A08 — Partial Information Decomposition
Section titled “A08 — Partial Information Decomposition”This framework asks: do two circuit components carry redundant, unique, or synergistic information about the output — and what does this tell us about circuit organization?
Partial Information Decomposition (PID) takes a pair of source variables ( S_1, S_2 ) (e.g., two attention heads) and a target variable ( T ) (e.g., the logit difference) and decomposes the total mutual information ( I(S_1, S_2; T) ) into four non-negative atoms: redundancy (both carry the same information), unique information from ( S_1 ), unique information from ( S_2 ), and synergy (information available only from the joint but not from either alone). This decomposition reveals whether circuit components are backups for each other (redundant), specialized for different sub-computations (unique), or cooperating in a way that transcends their individual contributions (synergistic).

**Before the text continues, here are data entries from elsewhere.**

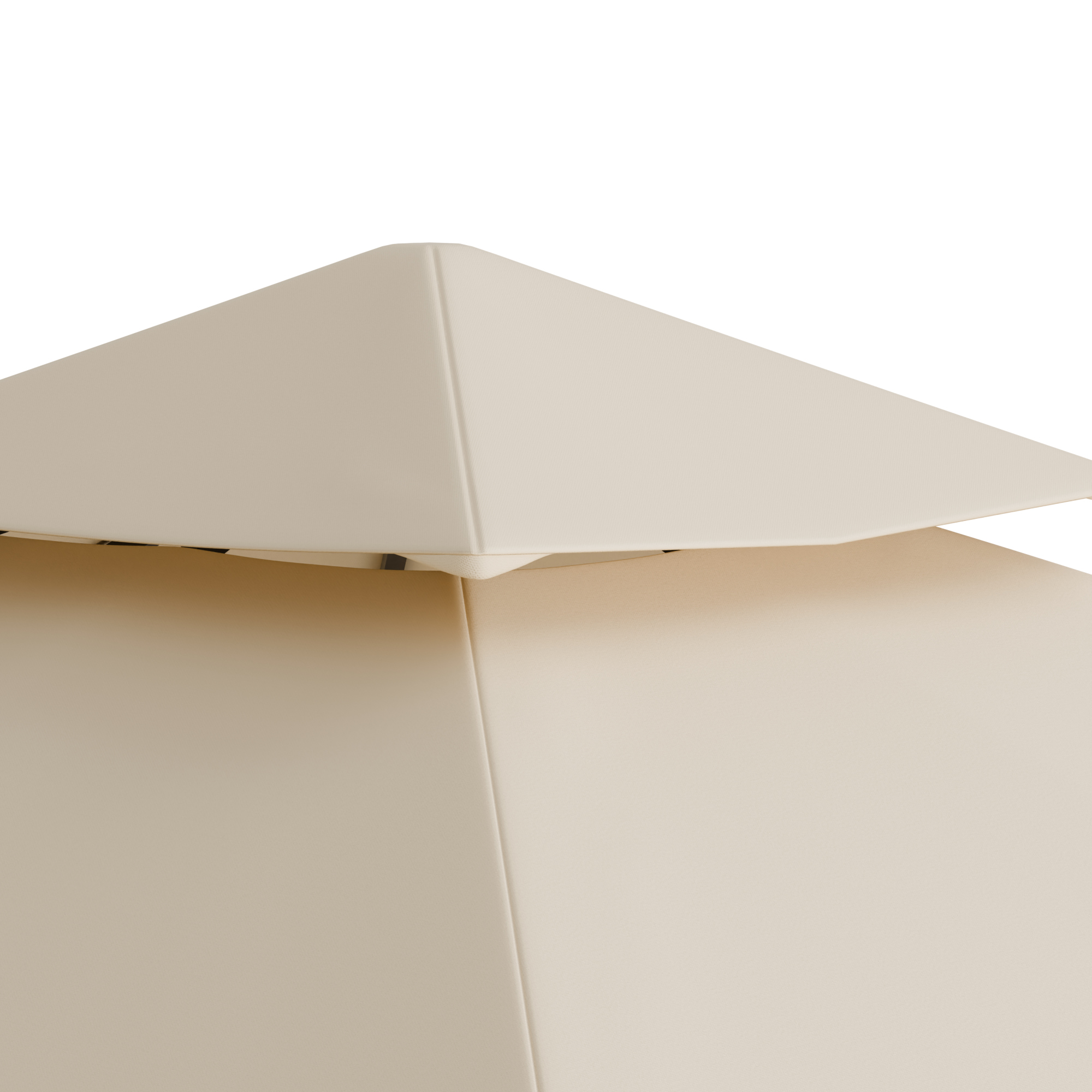 Primo piano della parte superiore di una struttura color crema con un design triangolare.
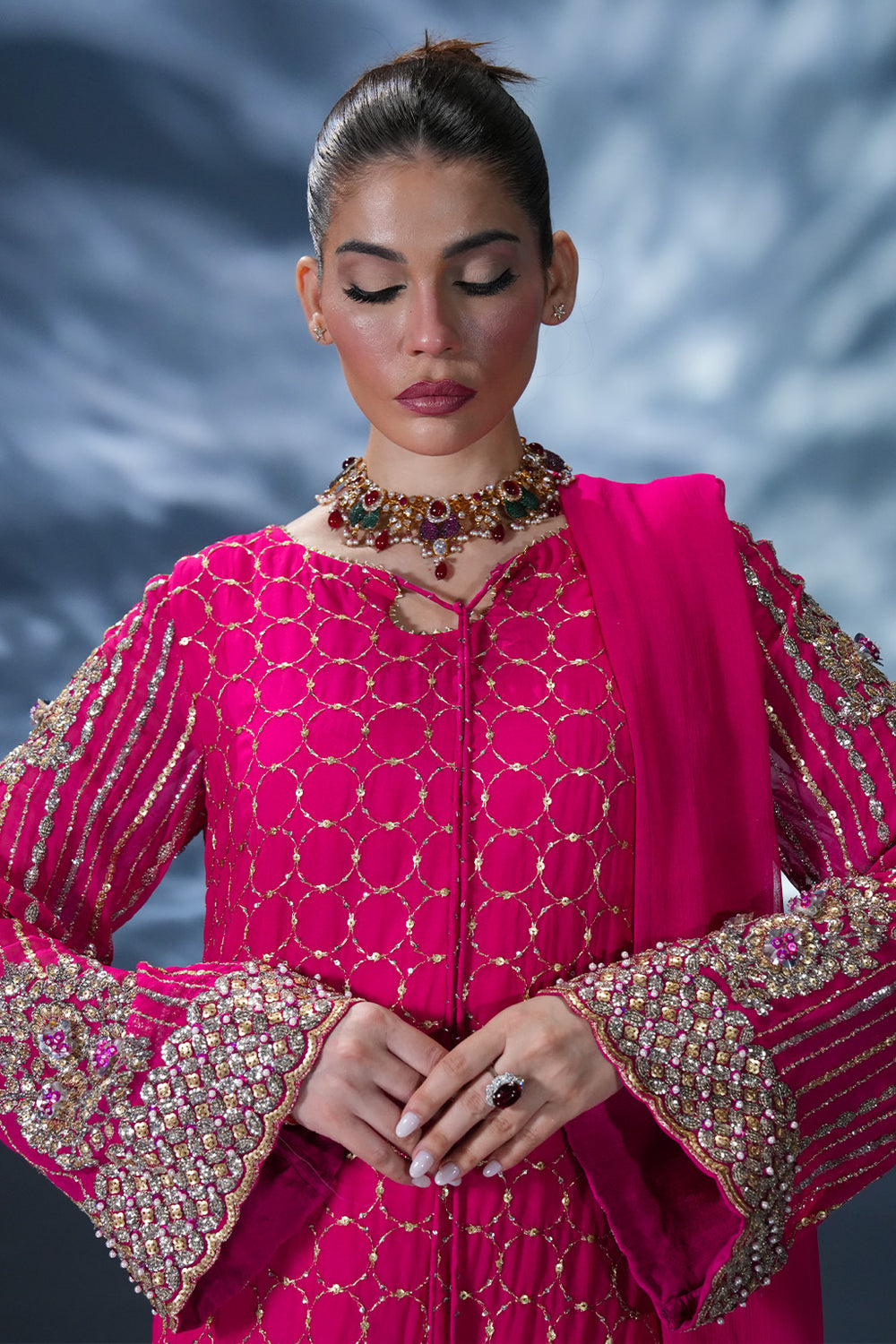 Shiss Collection Shocking Pink Embroidered Chiffon Hand Work Dress 3piece Unstitched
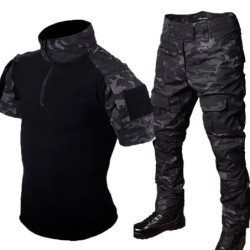 Conjuntos tácticos de verano para hombre, camisetas de manga corta tra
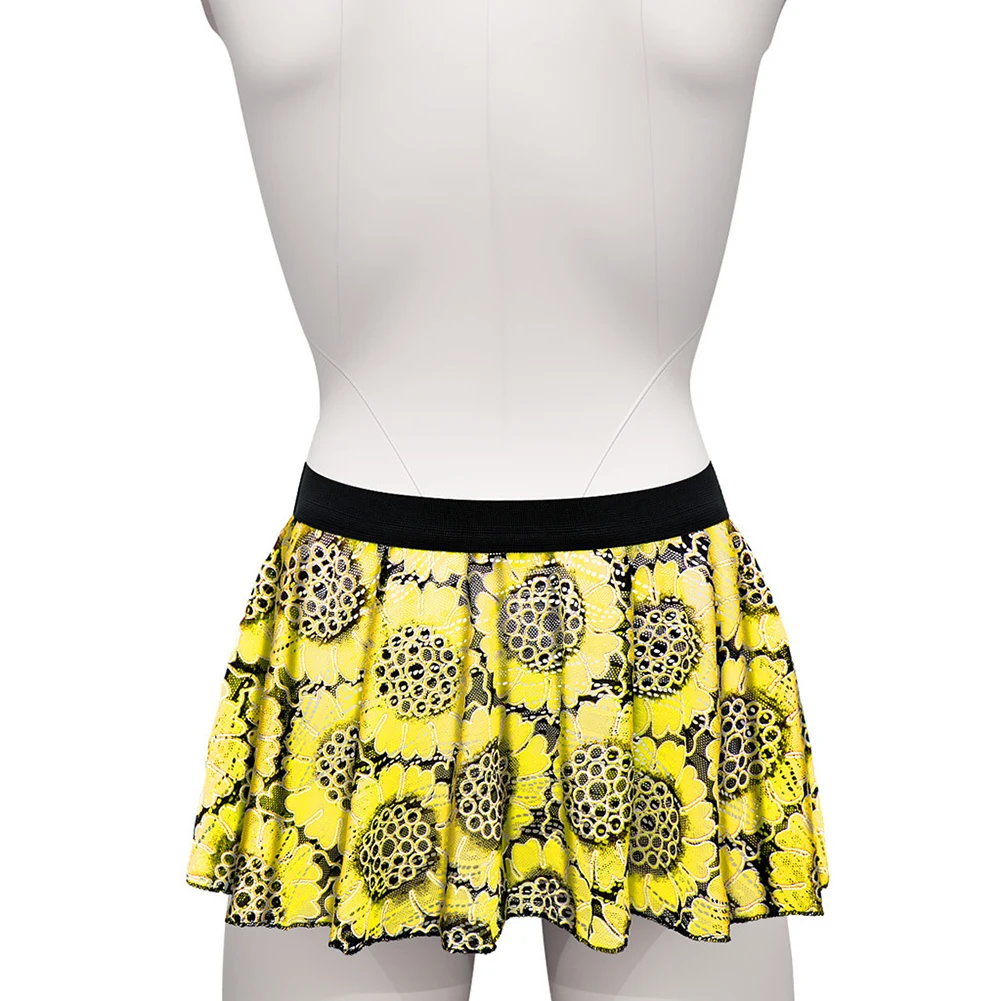 Ropa interior Sexy de encaje para hombre, falda hueca con estampado Floral Retro, bragas de Club, bragas, calzoncillos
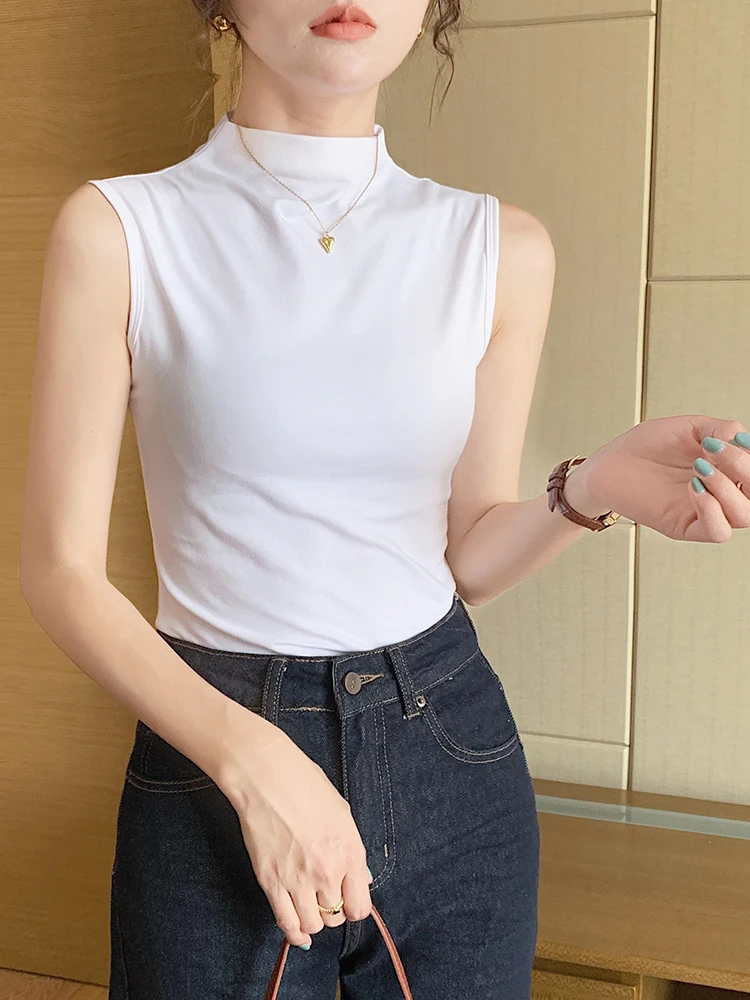白色莫代尔半高领坎肩吊带背心女内搭打底夏季外穿无袖t恤打底衣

In MI terms, PID answers the “hydra effect” question: when you ablate one head and another compensates, is that because they carry redundant information (PID predicts compensation) or because they carry synergistic information (PID predicts the joint is not decomposable into individual contributions)?
Theoretical grounding
Section titled “Theoretical grounding”| Source | Year | Key contribution |
|---|---|---|
| Williams & Beer, arXiv 1004.2515 | 2010 | PID framework: redundancy, unique, synergy decomposition |
| McGrath et al., arXiv 2307.15771 | 2023 | Hydra effect: backup heads compensate when primary is ablated |
| Elhage et al., “A Mathematical Framework for Transformer Circuits” | 2021 | Compositional structure enabling information-theoretic analysis |
| Olsson et al., “In-context Learning and Induction Heads” | 2022 | Multiple induction heads as potential redundant/synergistic ensemble |
Core concept: the four information atoms
Section titled “Core concept: the four information atoms”For sources ( S_1, S_2 ) and target ( T ):
[ I(S_1, S_2; T) = \underbrace{R(S_1, S_2; T)}{\text{redundancy}} + \underbrace{U_1(S_1; T \setminus S_2)}{\text{unique to } S_1} + \underbrace{U_2(S_2; T \setminus S_1)}{\text{unique to } S_2} + \underbrace{Syn(S_1, S_2; T)}{\text{synergy}} ]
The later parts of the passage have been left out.